21 Castilho, no entanto, considera inadequado estabelecer relações de precedência entre módulos lingüísticos

tais como o Discurso e a Gramática. Na sua nova proposta de estudo multissistêmico, Castilho (2003) postula que uma mesma expressão lingüística exibe simultaneamente propriedades lexicais, discursivas, semânticas e gramaticais, variando o grau de saliência entre elas, por razões pragmáticas. Essa proposta de Castilho será explanada no item 3.5.

Gramaticalização é o trajeto empreendido por um item lexical, ao longo do qual ele muda de categoria sintática (recategorização), recebe propriedades funcionais na sentença, sofre alterações morfológicas, fonológicas e semânticas, deixa de ser uma forma livre, estágio em que pode até mesmo desaparecer como conseqüência de uma cristalização extrema.

Castilho (1997) aponta ainda as três direções tomadas pelos debates sobre o processo de gramaticalização:

1 - Tipologia lingüística, que inclui a chamada teoria da aglutinação, de W. Won Humboldt, postulada em 1822.

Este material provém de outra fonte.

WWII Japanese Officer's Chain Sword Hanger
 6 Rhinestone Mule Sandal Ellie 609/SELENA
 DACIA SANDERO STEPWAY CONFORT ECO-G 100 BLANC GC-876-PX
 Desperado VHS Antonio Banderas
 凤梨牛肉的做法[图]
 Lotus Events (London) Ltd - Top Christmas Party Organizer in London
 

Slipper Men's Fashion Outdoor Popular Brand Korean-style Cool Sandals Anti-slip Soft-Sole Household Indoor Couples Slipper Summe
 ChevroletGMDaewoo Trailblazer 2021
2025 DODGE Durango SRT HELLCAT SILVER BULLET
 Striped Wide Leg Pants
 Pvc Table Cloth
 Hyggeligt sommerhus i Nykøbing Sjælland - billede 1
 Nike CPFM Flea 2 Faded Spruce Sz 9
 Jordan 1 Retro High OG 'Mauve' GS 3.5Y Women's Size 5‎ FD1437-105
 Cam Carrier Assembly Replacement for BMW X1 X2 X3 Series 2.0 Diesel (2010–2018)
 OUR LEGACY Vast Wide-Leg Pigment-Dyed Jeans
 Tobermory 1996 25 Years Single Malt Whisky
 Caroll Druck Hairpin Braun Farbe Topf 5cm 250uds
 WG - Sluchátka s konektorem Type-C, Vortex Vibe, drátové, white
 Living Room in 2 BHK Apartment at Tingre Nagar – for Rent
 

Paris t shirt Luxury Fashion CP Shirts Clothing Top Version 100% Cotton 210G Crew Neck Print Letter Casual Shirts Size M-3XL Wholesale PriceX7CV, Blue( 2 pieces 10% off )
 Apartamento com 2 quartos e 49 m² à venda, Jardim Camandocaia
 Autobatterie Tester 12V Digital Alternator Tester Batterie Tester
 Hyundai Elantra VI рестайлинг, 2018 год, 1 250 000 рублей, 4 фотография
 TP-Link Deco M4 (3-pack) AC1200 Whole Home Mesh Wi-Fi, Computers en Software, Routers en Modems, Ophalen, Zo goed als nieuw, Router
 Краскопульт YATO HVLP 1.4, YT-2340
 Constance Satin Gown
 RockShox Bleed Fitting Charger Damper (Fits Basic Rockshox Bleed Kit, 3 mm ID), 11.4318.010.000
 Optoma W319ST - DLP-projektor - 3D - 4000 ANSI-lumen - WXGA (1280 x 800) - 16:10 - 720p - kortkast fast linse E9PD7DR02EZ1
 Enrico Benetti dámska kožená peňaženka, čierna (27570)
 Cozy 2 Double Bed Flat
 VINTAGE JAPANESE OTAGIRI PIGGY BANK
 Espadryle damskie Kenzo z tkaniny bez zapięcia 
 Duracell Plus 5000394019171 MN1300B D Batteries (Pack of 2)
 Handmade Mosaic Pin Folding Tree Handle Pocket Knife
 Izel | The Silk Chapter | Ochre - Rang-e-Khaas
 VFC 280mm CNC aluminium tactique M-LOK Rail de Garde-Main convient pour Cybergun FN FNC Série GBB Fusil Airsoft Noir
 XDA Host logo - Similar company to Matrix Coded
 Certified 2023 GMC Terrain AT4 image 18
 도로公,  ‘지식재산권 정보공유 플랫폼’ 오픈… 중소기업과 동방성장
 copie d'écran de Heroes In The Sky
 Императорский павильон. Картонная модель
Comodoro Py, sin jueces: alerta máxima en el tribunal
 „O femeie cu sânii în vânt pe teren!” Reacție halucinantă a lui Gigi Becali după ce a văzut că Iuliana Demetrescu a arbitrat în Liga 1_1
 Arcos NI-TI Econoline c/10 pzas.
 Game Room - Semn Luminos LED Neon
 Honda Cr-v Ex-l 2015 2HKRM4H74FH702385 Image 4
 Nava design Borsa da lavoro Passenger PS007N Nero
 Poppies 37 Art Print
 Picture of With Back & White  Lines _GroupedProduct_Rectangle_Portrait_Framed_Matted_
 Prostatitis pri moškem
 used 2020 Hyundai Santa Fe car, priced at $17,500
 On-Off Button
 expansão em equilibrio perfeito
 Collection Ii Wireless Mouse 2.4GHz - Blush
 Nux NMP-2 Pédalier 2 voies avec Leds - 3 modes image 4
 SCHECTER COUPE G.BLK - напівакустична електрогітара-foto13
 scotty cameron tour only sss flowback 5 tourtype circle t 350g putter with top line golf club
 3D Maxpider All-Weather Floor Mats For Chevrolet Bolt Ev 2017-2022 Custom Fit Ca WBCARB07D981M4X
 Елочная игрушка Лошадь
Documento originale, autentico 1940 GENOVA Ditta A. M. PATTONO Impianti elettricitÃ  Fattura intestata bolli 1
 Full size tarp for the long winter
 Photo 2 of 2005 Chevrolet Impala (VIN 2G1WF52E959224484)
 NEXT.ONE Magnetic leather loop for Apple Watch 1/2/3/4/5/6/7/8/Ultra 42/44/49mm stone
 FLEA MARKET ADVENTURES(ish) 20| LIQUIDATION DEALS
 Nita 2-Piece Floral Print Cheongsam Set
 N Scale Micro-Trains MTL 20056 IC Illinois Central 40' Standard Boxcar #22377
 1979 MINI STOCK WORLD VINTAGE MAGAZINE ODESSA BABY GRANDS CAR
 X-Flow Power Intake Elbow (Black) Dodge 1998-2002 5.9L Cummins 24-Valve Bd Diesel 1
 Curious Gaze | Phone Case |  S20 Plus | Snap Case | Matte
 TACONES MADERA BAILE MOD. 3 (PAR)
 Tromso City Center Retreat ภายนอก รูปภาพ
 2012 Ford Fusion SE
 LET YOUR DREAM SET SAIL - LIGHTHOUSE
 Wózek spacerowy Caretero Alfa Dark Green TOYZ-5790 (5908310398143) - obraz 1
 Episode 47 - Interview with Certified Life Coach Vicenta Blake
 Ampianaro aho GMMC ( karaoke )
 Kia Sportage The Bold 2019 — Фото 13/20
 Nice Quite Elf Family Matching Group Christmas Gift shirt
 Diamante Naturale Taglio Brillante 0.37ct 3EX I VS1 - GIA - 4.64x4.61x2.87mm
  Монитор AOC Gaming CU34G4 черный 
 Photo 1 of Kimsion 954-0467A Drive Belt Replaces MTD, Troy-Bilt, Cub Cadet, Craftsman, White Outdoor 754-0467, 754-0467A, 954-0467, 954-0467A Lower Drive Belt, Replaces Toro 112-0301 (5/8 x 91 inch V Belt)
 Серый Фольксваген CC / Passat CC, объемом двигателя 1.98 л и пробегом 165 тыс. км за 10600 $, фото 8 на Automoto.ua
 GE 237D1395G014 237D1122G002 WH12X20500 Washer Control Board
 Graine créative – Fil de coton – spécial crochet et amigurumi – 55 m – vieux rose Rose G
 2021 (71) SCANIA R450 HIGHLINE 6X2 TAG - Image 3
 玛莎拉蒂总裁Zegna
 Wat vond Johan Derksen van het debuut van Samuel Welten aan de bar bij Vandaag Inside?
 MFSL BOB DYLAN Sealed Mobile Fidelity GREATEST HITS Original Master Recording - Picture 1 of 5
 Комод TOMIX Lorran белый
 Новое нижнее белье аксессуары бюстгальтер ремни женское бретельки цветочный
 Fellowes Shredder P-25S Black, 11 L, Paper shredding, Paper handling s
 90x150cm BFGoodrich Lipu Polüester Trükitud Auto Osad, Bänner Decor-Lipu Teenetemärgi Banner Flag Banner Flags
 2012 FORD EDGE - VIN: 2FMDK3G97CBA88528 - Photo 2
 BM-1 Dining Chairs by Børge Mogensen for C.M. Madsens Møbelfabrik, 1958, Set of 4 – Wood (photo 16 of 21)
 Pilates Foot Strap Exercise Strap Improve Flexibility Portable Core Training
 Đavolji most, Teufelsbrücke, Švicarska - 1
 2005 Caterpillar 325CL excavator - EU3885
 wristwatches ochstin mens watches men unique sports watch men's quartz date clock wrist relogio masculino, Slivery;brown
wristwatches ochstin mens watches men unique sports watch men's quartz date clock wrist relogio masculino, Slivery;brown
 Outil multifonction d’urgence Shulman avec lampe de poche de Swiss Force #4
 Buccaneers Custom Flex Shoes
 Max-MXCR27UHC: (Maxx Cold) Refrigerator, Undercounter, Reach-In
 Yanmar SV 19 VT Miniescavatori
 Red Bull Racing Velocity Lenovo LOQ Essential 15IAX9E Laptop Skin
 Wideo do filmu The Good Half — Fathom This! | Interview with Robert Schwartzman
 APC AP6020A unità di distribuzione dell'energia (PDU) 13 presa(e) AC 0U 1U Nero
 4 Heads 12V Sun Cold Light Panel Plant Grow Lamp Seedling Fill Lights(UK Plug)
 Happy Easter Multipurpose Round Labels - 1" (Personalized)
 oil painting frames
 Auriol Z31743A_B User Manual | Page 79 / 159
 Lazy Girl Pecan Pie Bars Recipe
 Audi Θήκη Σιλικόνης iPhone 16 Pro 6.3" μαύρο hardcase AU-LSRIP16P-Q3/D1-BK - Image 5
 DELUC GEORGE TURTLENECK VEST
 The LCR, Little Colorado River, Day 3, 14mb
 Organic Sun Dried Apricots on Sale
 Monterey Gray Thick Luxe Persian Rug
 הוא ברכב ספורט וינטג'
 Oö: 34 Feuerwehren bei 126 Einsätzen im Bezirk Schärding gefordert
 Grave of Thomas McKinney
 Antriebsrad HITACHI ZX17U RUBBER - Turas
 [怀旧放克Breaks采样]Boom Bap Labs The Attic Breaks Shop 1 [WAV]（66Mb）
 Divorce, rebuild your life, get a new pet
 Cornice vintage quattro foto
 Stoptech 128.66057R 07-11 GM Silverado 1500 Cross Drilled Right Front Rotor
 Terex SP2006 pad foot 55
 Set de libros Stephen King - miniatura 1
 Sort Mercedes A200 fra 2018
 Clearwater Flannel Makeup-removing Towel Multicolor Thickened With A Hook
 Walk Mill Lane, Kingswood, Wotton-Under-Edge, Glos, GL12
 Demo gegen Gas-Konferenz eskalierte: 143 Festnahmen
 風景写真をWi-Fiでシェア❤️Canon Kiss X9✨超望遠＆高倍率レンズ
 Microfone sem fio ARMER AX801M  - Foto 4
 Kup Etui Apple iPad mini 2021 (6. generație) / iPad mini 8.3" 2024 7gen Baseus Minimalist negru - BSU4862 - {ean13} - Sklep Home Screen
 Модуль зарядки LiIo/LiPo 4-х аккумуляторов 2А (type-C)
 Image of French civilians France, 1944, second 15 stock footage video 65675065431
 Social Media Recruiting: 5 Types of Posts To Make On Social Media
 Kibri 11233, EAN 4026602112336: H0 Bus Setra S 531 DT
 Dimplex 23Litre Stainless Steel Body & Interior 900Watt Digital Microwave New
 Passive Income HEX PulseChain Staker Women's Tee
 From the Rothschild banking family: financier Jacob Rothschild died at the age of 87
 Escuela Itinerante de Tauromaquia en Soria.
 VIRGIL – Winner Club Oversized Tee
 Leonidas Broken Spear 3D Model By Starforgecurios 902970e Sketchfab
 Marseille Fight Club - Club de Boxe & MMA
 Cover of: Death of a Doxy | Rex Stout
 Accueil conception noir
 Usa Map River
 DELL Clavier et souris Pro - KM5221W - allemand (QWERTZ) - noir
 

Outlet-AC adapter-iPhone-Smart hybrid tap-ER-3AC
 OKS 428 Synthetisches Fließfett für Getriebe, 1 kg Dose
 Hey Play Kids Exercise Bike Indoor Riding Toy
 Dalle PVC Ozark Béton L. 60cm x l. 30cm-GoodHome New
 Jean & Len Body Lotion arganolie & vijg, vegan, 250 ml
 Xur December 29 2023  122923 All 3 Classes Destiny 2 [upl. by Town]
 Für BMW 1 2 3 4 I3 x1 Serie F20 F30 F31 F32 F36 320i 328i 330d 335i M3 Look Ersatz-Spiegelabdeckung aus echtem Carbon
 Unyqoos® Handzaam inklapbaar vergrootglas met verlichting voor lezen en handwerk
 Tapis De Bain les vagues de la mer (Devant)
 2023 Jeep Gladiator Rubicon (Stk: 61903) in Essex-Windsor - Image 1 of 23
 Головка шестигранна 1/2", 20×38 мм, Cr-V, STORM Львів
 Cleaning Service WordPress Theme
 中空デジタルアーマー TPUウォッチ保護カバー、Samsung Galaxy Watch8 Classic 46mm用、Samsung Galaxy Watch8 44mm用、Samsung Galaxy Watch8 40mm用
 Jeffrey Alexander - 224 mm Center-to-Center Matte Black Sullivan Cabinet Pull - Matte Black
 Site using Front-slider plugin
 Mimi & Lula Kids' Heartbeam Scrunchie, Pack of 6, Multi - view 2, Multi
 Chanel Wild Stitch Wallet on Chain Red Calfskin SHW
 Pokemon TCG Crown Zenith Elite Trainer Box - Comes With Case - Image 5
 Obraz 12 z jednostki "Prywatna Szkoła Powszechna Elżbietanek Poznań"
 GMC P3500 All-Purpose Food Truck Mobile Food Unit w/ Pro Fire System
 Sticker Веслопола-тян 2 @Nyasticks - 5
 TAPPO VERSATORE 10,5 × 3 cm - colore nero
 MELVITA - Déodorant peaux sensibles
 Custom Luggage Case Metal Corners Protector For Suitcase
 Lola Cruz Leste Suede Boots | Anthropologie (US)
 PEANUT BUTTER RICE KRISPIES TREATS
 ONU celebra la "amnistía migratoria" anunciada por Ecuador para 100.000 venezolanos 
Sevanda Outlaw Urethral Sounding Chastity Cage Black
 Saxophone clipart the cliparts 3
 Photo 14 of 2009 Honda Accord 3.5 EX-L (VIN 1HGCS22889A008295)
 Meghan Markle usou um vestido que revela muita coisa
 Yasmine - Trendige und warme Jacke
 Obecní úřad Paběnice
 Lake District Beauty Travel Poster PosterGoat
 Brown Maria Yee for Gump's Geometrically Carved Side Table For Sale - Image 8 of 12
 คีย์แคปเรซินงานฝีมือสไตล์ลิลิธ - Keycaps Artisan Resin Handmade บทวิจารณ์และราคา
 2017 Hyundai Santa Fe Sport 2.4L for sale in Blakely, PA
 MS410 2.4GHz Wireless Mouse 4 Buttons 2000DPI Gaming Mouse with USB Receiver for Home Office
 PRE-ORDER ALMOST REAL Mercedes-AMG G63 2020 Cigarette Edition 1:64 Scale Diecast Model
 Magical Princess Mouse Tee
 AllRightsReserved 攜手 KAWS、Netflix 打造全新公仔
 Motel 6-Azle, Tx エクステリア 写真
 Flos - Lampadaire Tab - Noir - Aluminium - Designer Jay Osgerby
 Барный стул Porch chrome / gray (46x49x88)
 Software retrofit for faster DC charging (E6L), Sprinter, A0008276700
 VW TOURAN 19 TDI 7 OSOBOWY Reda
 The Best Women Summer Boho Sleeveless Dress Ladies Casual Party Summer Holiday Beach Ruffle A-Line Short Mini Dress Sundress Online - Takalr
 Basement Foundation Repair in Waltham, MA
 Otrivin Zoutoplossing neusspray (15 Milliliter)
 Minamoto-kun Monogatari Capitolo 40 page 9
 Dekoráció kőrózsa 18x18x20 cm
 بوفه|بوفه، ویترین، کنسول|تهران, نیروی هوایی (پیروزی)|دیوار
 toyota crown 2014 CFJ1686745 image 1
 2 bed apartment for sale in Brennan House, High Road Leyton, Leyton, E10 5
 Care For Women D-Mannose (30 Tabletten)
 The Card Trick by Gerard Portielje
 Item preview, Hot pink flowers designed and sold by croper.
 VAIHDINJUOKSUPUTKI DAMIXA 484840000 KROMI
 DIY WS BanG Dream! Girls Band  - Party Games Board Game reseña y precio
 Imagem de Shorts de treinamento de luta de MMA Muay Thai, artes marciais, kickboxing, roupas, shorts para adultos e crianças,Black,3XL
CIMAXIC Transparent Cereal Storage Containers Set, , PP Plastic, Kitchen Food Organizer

2 - Sintaxe conversacional: segundo os estudiosos da sintaxe conversacional, grande parte da organização gramatical vai emergir das falas.

3 - Mudança lingüística.

Referente à terceira direção apontada por Castilho (mudança linguística), Poggio (2002) cita o filósofo francês Condillac que, em 1746, assinalou que formas gramaticais provêm de lexemas e os afixos de formas livres. Citou ainda Horne Took (1786 e 1805), cujos trabalhos apresentaram a seguinte divisão: Nome e verbo (palavras necessárias, essenciais do discurso) e outras classes de palavras (conjunções, advérbios e preposições) decorrentes de mutilações das palavras necessárias. Os neogramáticos, no século XIX, acreditavam que a gramaticalização servia como um parâmetro para a explicação da lingüística diacrônica. Poggio (2002) chama atenção também para Franz Bopp (1816), que, no contexto dos estudos comparativos, apresentou exemplos de como itens lexicais desenvolveram-se em auxiliares, afixos e/ou flexões.

Meillet (1948) considerou a analogia e a gramaticalização como os dois principais processos de mudança gr amatical. Diferentemente dos processos analógicos, a gramaticalização introduz formas e categorias novas, dotando-as de expressão lingüística, o que causa a transformação do conjunto do sistema. Esse autor propôs a existência de três classes de palavras: palavras principais, palavras acessórias e palavras gramaticais. Para Meillet, no processo de mudança, ocorre uma transição gradual entre essas três classes. Como explica Castilho (1997), essa transição envolve esvaimento tanto do sentido quanto da forma da palavra. As postulações de Meillet insinuam, assim, que “a gramaticalização é um processo inacabado, sem fim” (CASTILHO, 1997). Castilho inclui ainda os trabalhos de Robert (1993 apud CASTILHO, 1997) e Kurylowicz (1965 apud CASTILHO, 1997) na direção da mudança lingüística.

Percebe-se, então, a diversidade dos estudos sobre a gramaticalização. Os teóricos, como se observou, divergem quanto à melhor maneira de nomear o processo e, até mesmo, no que se refere ao próprio conceito de gramaticalização. Isso é digno de nota, especialmente, quando se sabe que os estudos de gramaticalização não são recentes, apenas receberam novo enfoque no contexto do funcionalismo, cujos estudos avançaram a partir de 1970. É evidente, portanto, a complexidade dos fenômenos de gramaticalização e a necessidade de estudos que, voltados para diferentes aspectos, exemplifiquem e esclareçam, na medida do possível, os fatores que influenciam esse processo, como procura fazer a presente pesquisa através da consideração de prefixos derivados de preposições.

As divergências não se esgotam aqui. À medida que se aprofunda no estudo do tema, são observadas discussões ainda mais acirradas sobre a gramaticalização. Mas é ponto pacífico a premissa de que a gramaticalização é uma das evidências do aspecto não-estático da gramática de uma língua. Continuamente, itens lingüísticos perdem a eventualidade criativa do discurso, passando a ser regido por restrições gramaticais. Como ressalta Lopes (2003, p. 2):

É como se os elementos lexicais fossem perdendo suas potencialidades referenciais de representar ações, qualidades e seres do mundo biossocial e fossem ganhando a função de estruturar o léxico na gramática, assumindo, por exemplo, funções anafóricas e expressando noções gramaticais como tempo-modo, aspecto etc.